By Dzevida Sadikovic
A Cronkite professor has published a new book that examines the relationship between journalists and their audiences in a new media environment, and explores how journalists’ efforts to improve that relationship will affect the future of journalism.
“Imagined Audiences: How Journalists Perceive and Pursue the Public” by Jacob L. Nelson will be released on Feb.15 by Oxford University Press. The book combines research on journalists’ perceptions of their audiences with research of news audience behavior.
Nelson is an assistant professor at the Walter Cronkite School of Journalism and Mass Communication at Arizona State University, where he teaches Digital Audience Analysis and the Business and Future of Journalism. Before coming to Arizona, he received his doctorate from Northwestern University’s Media, Technology, and Society program. Prior to that he worked as an editor for Patch, a local online news organization, for which he covered a suburb of Chicago.
The book is based on Nelson’s dissertation, in which he interviewed journalists at the Chicago Tribune, the audience engagement company Hearken and the local news nonprofit City Bureau to learn how the employees of each understand and approach their audiences. His book complements this research with a review of audience studies scholarship, in an effort to compare how journalists think about their audiences and how audiences actually behave.
Nelson’s findings suggest that the way that journalists approach their audiences is changing. Historically, journalists saw themselves as the professionals who produced news and audiences as the people expected to passively consume it.
“Now there is this expectation within journalism that journalists should be working more closely with and even alongside the people who they are trying to reach with their news,” Nelson said.
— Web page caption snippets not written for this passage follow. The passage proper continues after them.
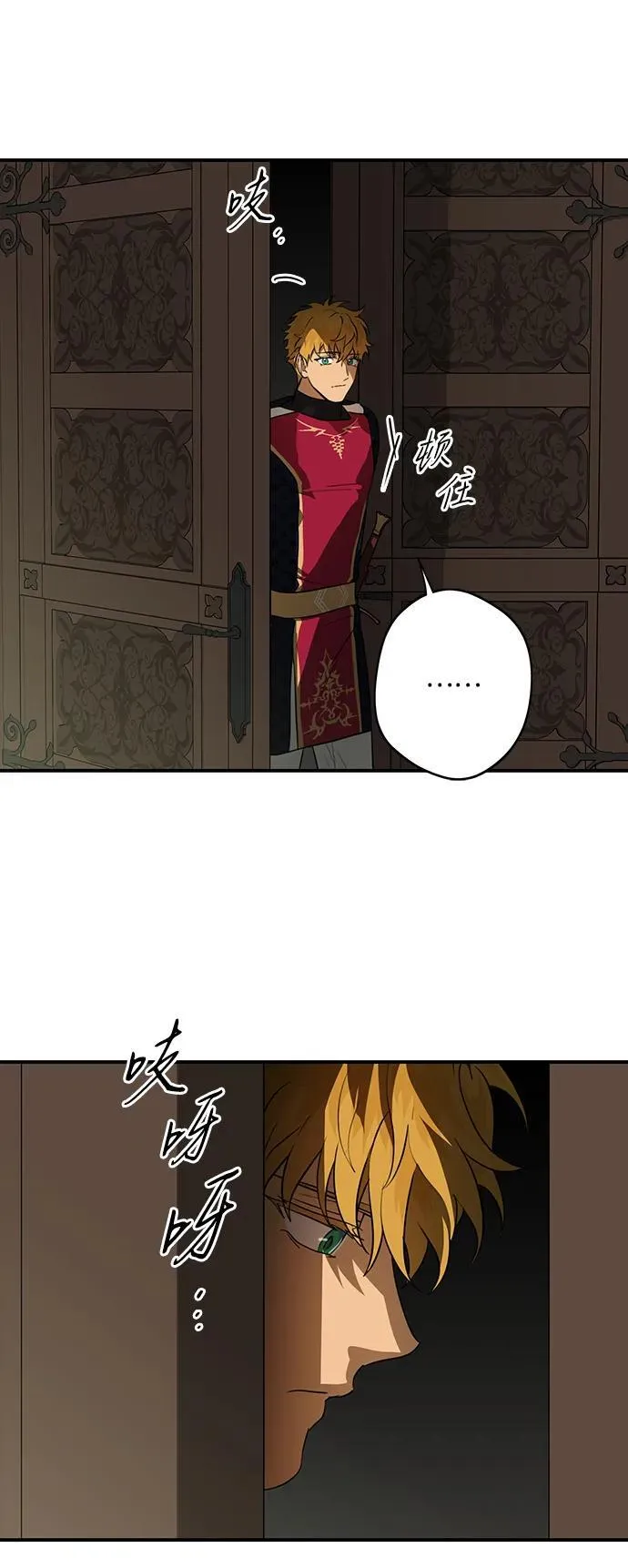 [第2季 63话] 人类的时代（1）52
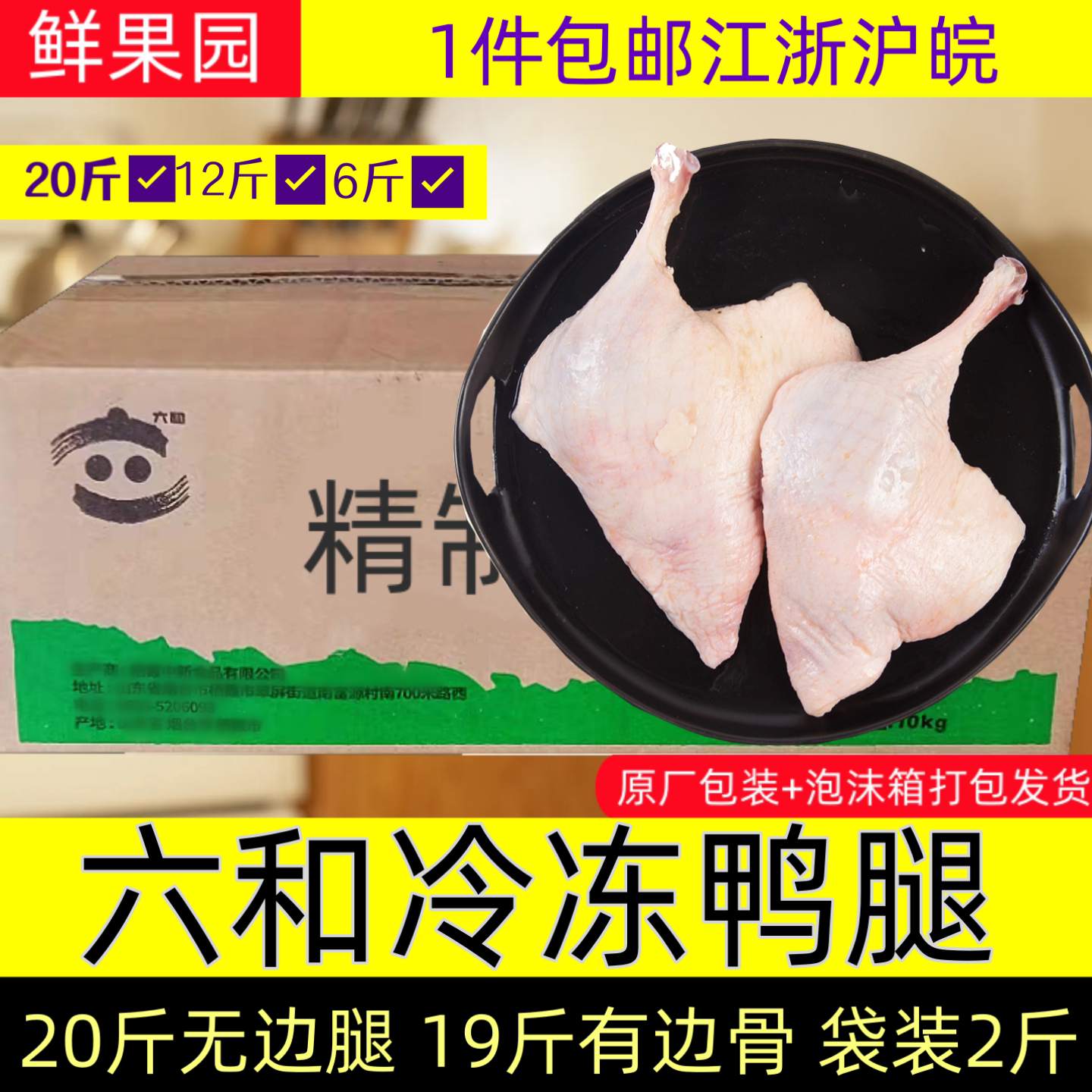 六和鸭腿鸭边腿半片鸭去皮鸭胸图片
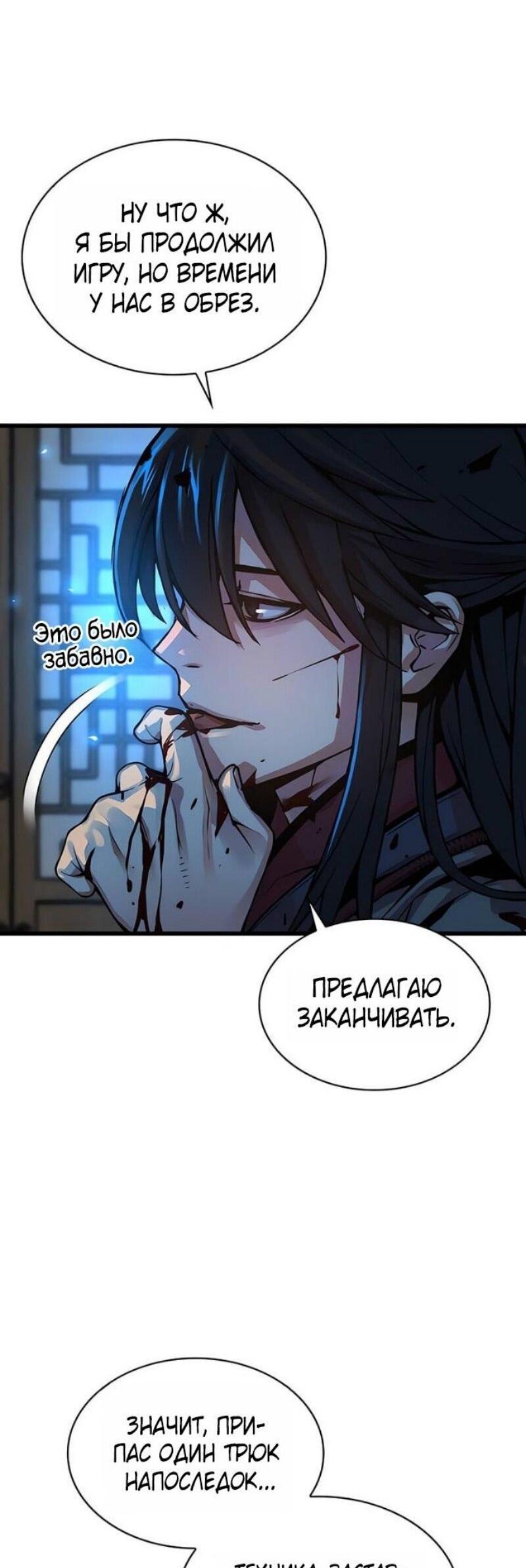 Манга Бог Хаоса с неизмеримой силой - Глава 96 Страница 59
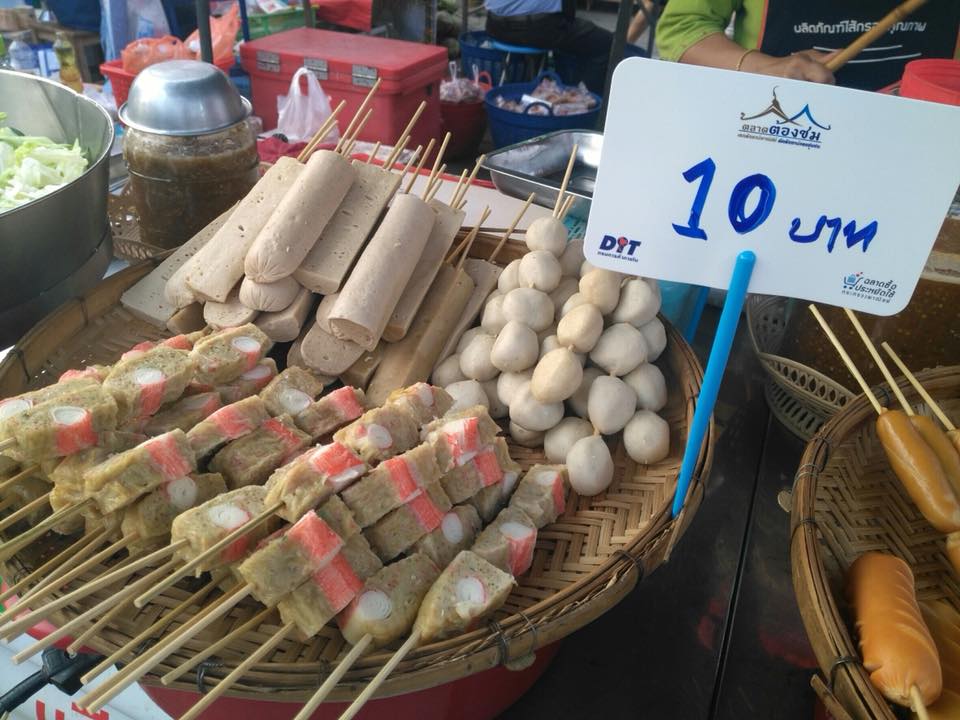57368_แผงค้าอาหาร.jpg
He also argues that journalists’ ability to influence patterns of news consumption is more limited than they might think. Drawing on audience studies research, he suggests that structural factors – such as social media platforms, the amount of time people devote to news, the language people speak, and the place where they live – play a significant role in shaping news audience behavior.
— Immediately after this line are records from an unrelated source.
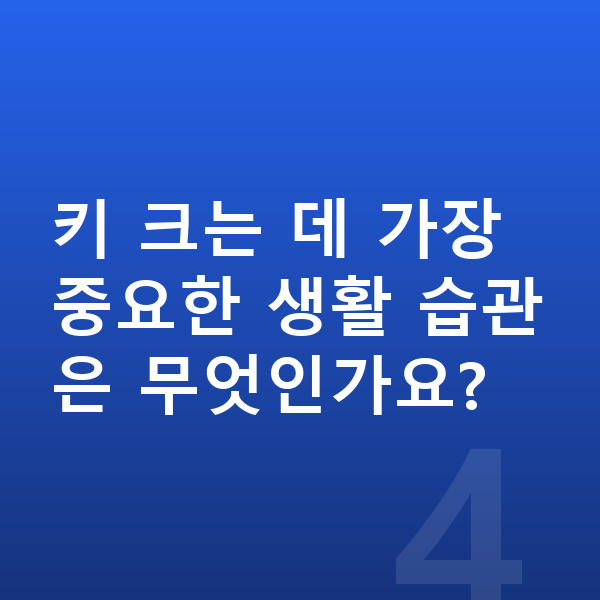 14세 평균키 키 크는 데 가장 중요한 생활 습관은 무엇인가요?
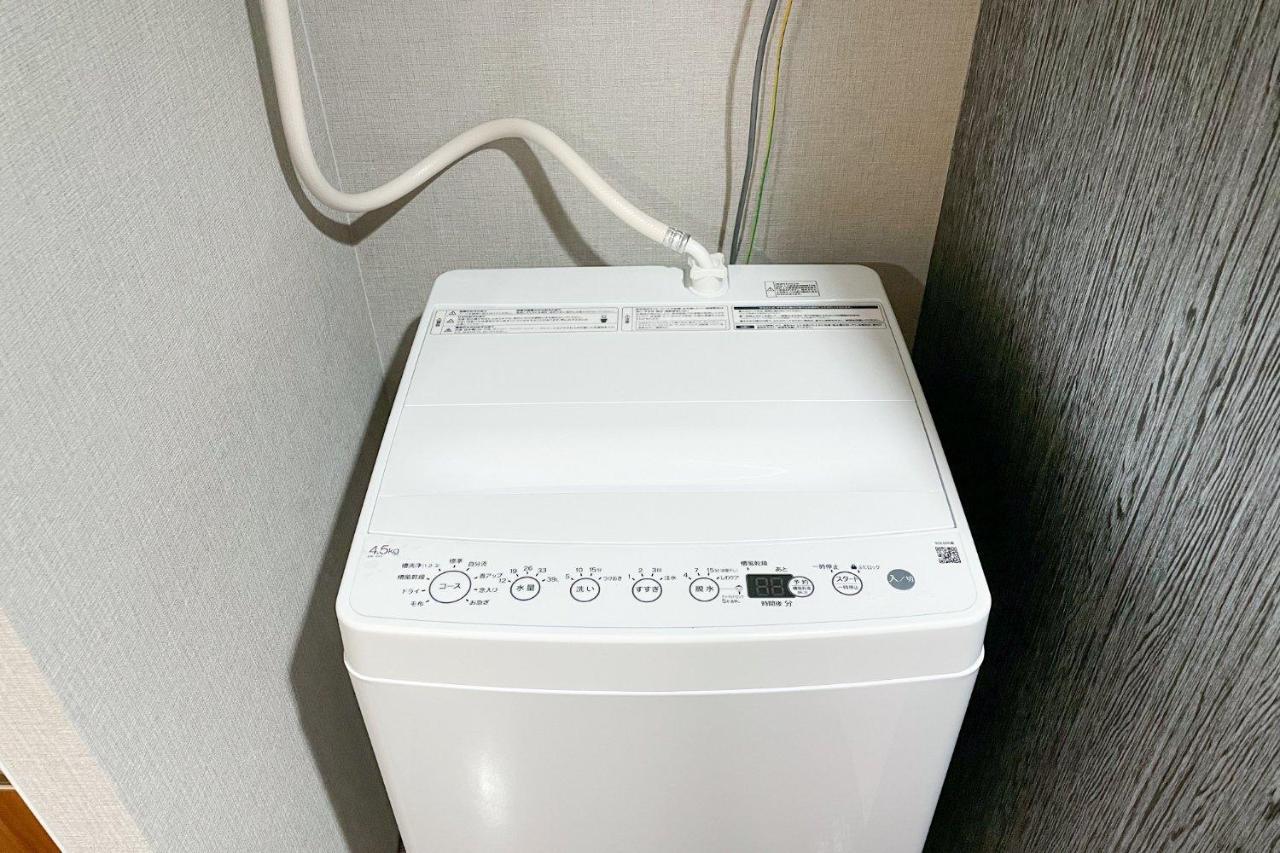 Apartment Grants Arita Osaka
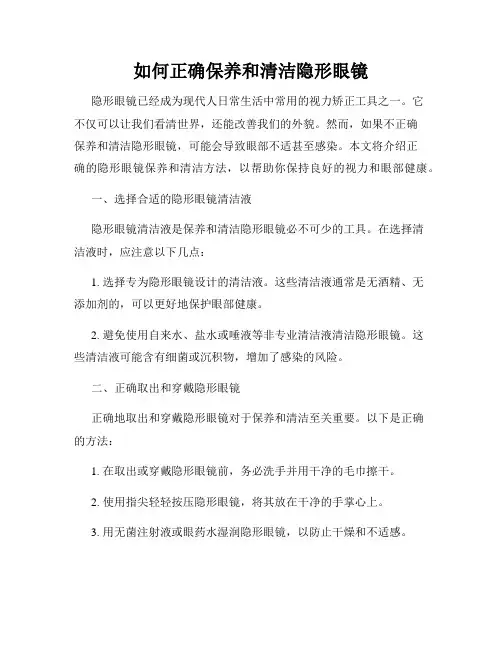 如何正确保养和清洁隐形眼镜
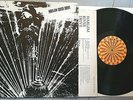 Harlem River Drive - Self titled LP Roulette orig. w/insert latin jazz funk soul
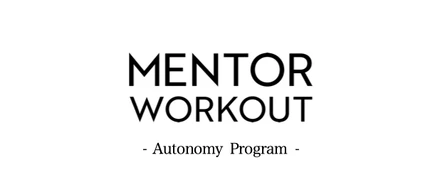サービス_MENTOR WORKOUTって何？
“Interest in the news is only one variable that shapes news audience behavior. Other variables include how you come across that story,” he said. “The circumstances that determine what stories you are exposed to play an important role.”
Nelson wants people to understand that the problems of journalism’s quality and its sustainability are two different issues. However, those issues are often treated the same when it comes to finding the solution.
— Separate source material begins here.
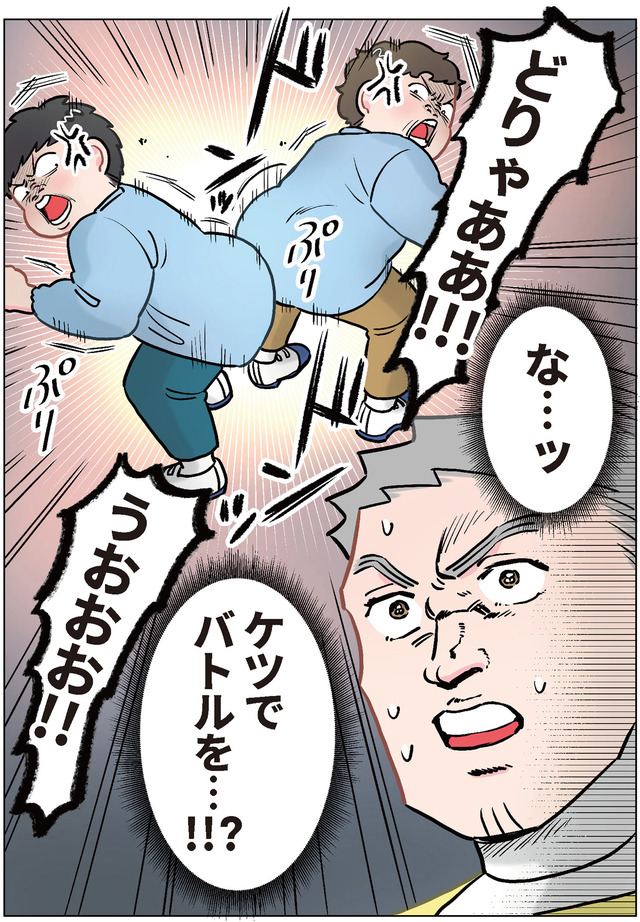 ただいま！ 保育士でこ先生３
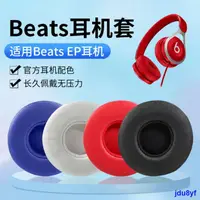 在飛比找露天拍賣優惠-jdu8yf精選 適用Beats EP耳機套頭戴式耳機皮套有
“By making news better and more trustworthy, and by making it more engaging by having a diverse newsroom to reflect the audience that they are trying to reach will make the quality of the news,” Nelson said. “But the quality of journalism and sustainability are two different problems.”
Journalism’s sustainability problem is less a result of quality and more connected to these structural factors that comprise the media environment in which the journalism exists. These structures tend to promote content that’s already popular. For that reason, big familiar news brands like The New York Times and The Washington Post have continued to grow in the last few years while smaller outlets have suffered.
In order to change this winner-take-all media environment, Nelson concludes that journalism’s stakeholders need to equalize the playing field, so the smaller outlets have a greater chance to succeed financially. Without changing these larger, structural conditions, better news might not necessarily lead to larger, more loyal audiences.
“Journalism is in such an ongoing struggle and I hope this book offers clarity to the conversation about what those problems are so that we hopefully work more constructively to find solutions that might work,” Nelson said.